Mit dem Werbeslogan "Nicht jede Software läuft auf jedem System, aber der 386SX-Mikroprozessor unterstützt jede Software" macht Intel auf die Vorzüge der "abgespeckten" Version des 32-Bit-Prozessors aufmerksam. Er unterscheidet sich von dem Vollblüter dadurch, daß er intern mit einem 32-Bit-Register, nach außen aber nicht mit einem 32-Bit-, sondern einem 16-Bit-Adreßbus arbeitet. Die Performance ist entsprechend kleiner, weil zwei Buszyklen anstelle von einem wie bei der 80386DX-Version erforderlich sind, wird jedoch durch den Vorteil der viel preiswerteren Peripherie kompensiert. Der Hersteller spricht beim 80386SX von 70 Prozent der Leistungsfähigkeit des 80386er, der unterm Strich aber zwischen 50 Prozent und 60 Prozent preiswerter ist und damit kaum über der Preislatte s der 286er liegt. Auch das spricht für das nahe Ende der 286er. "Der 386er hat Wendezeit-Funktion", läßt Intel verlauten. Die SX-Version soll die Wendezeit für breite Anwendungen erst einmal bezahlbar machen.

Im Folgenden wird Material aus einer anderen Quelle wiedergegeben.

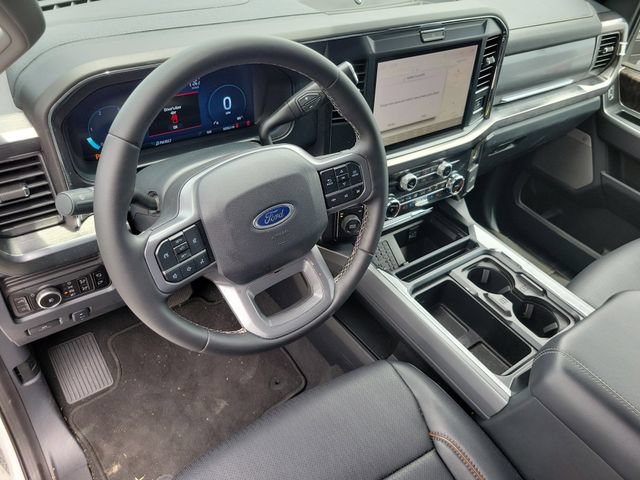 Certified 2025 Ford F450 Lariat AWD/4WD image 18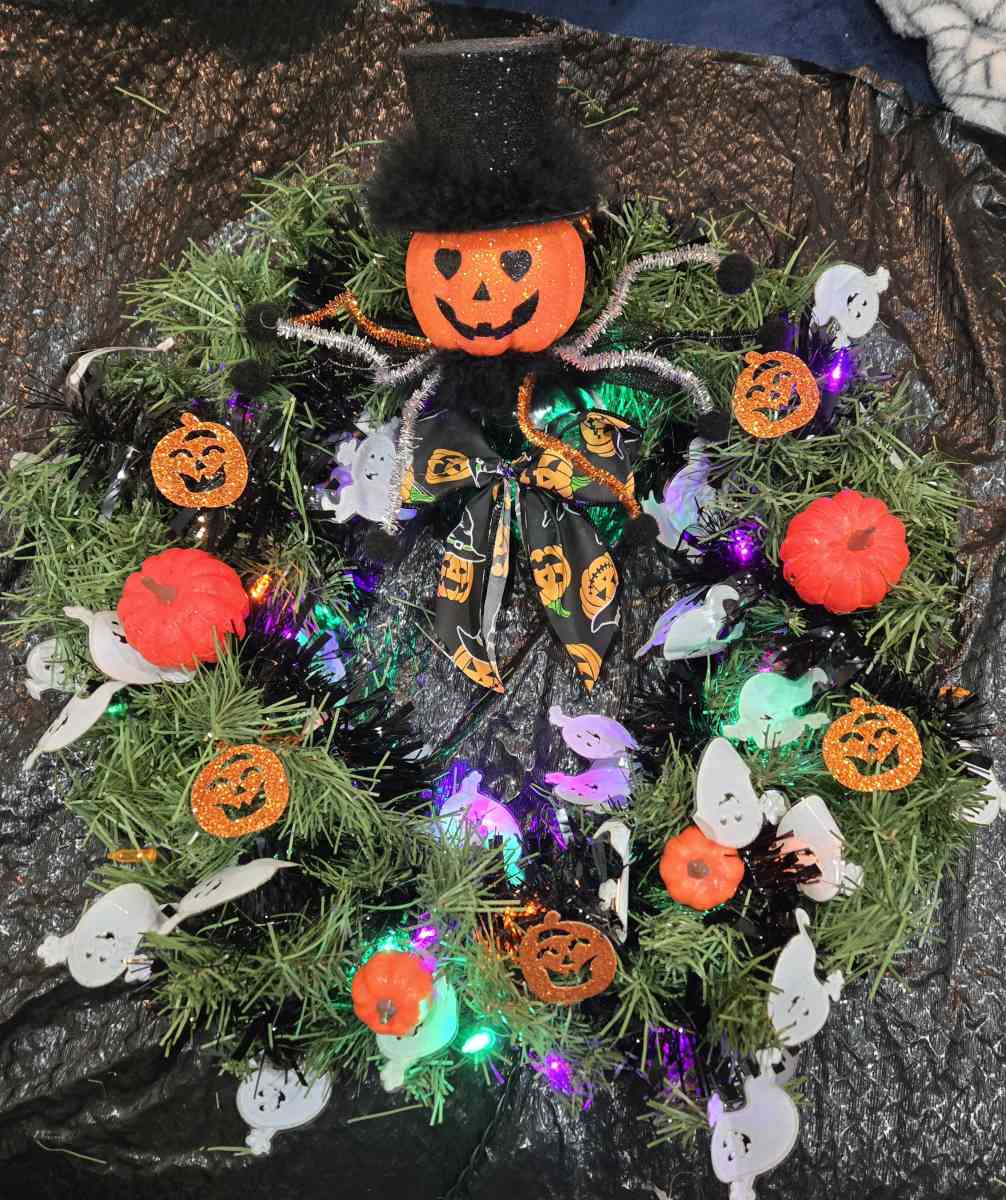 wreaths - West Point, Illinois - FleaMarketBay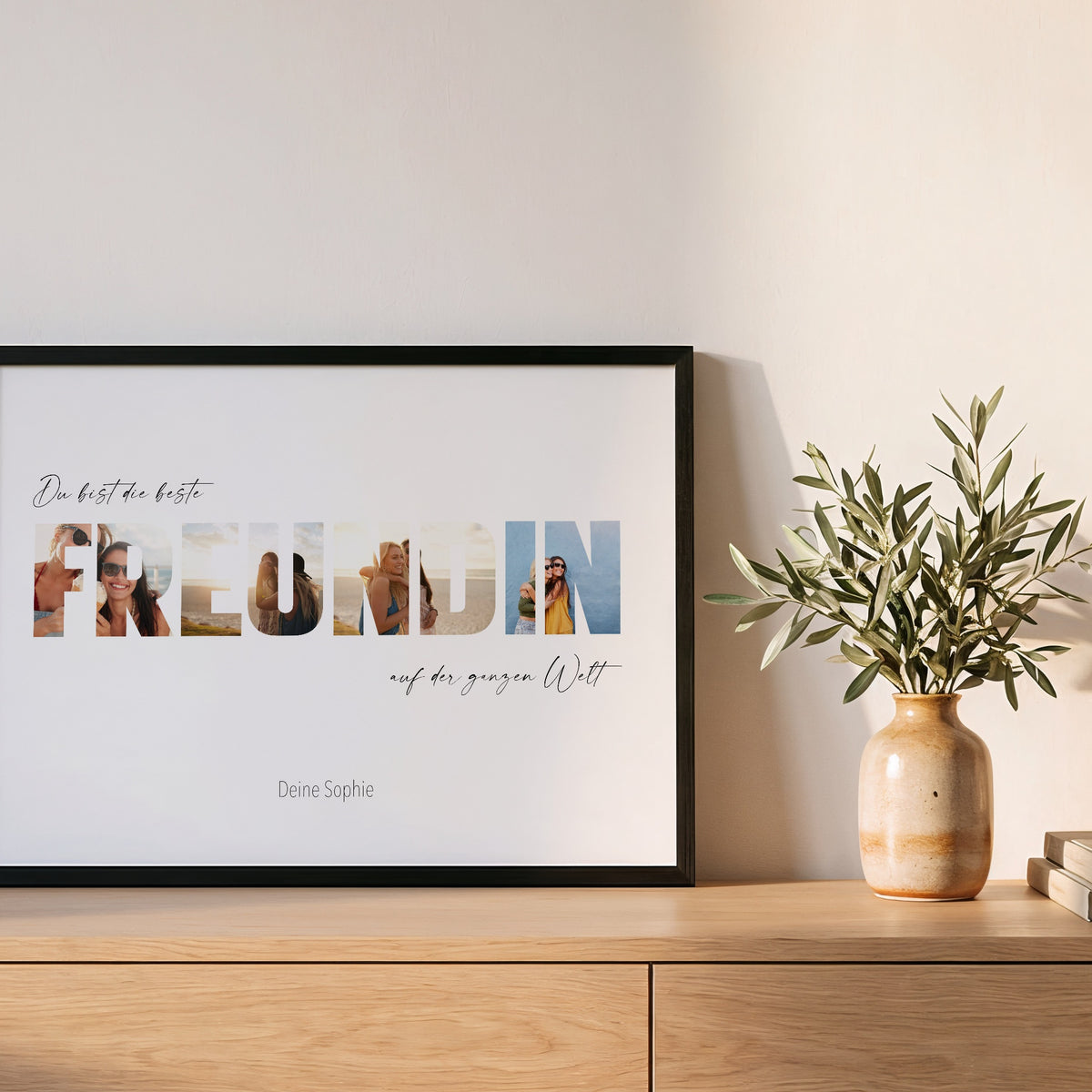 Nahaufnahme Fotobuchstaben-Poster FREUNDIN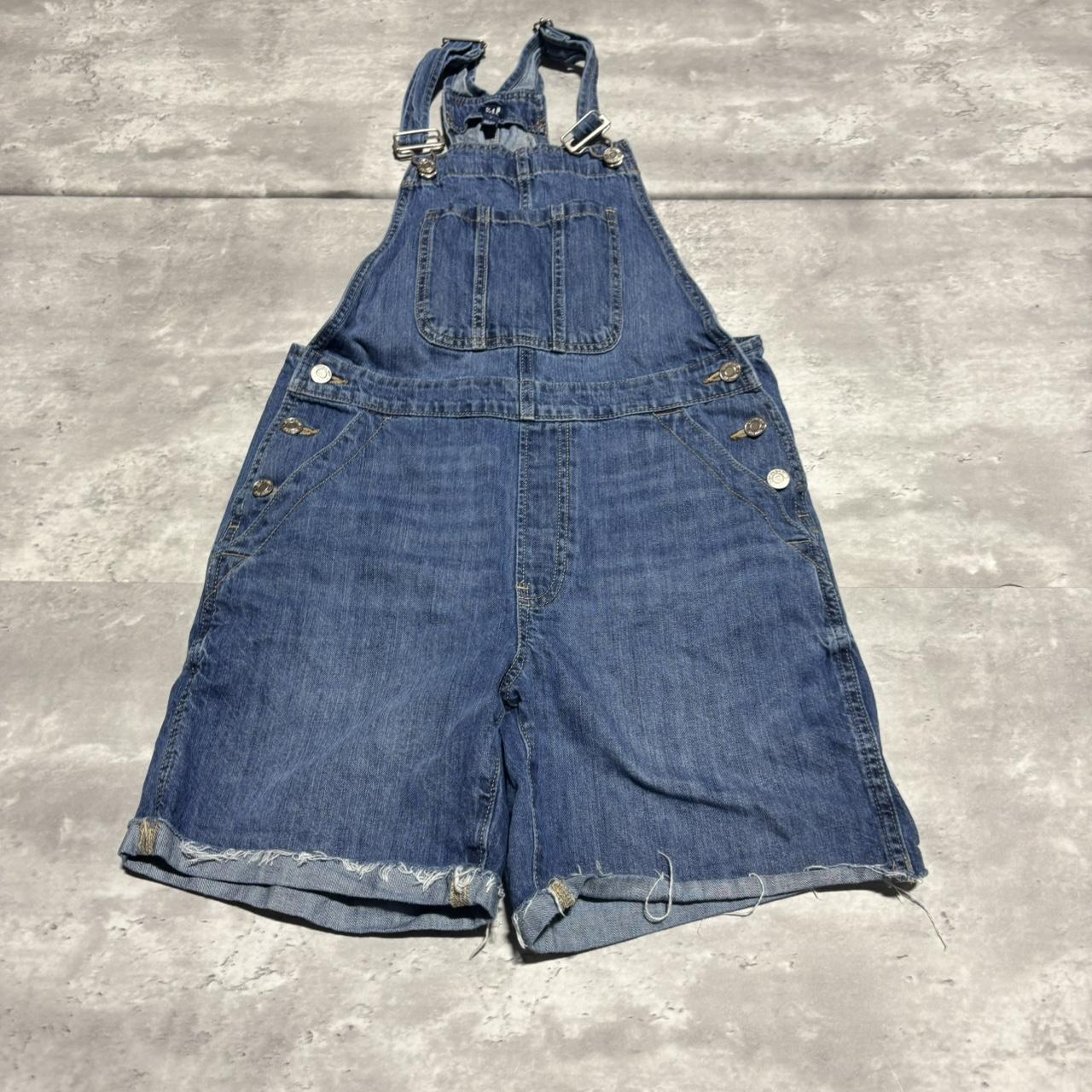 item listed by y2k_deals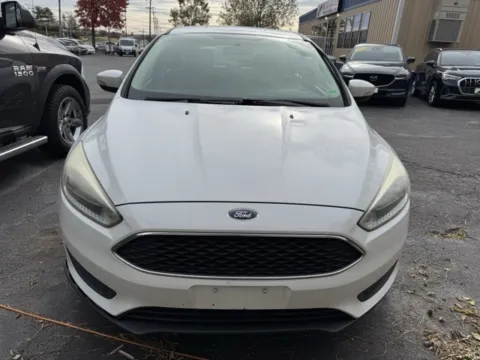 Photos of 2015 Ford Focus SE for sale in Frederick, MD at Hi Lo Auto Sales - Frederick - Route 40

Wozu also jetzt schon einen 80486-Prozessor - 1,2 Millionen Transistoren auf 1,7 cm(2) Fläche -, wenn es kaum Software gibt, die die Hardware-Eigenschaften des 80386 vollständig nutzen kann? Eine CPU mit 80386-Prozessor, für manche Anwendungen zudem ein 80387-Numerikprozessor sowie sehr schnelle Speicher mit 40 Nanosekunden Zugriffszeit allein schon bei einer 25-MHz-Taktung sind teuer. Zur Verbesserung der Performance wird ab 20-MHz-Taktung ein Speicherbaustein benutzt, ein Cache, der die zeitkritische Verfügbarkeit der Daten aus dem Hauptspeicher für den Prozessor unterstützt und von einem Cache-Controller gesteuert wird. So setzt sich derzeit eine typische 386-Architektur zusammen. Der 486 bringt alle Elemente nun auf einem einzigen Chip.

Aus dem Hause Intel verlautet zur Frage "Wozu jetzt schon 486? Psychologisches: "Der 486er wird dem 386er zum Durchbruch verhelfen. Der Anwender kann sicher sein, daß für die Zukunft gesorgt ist." Na fein.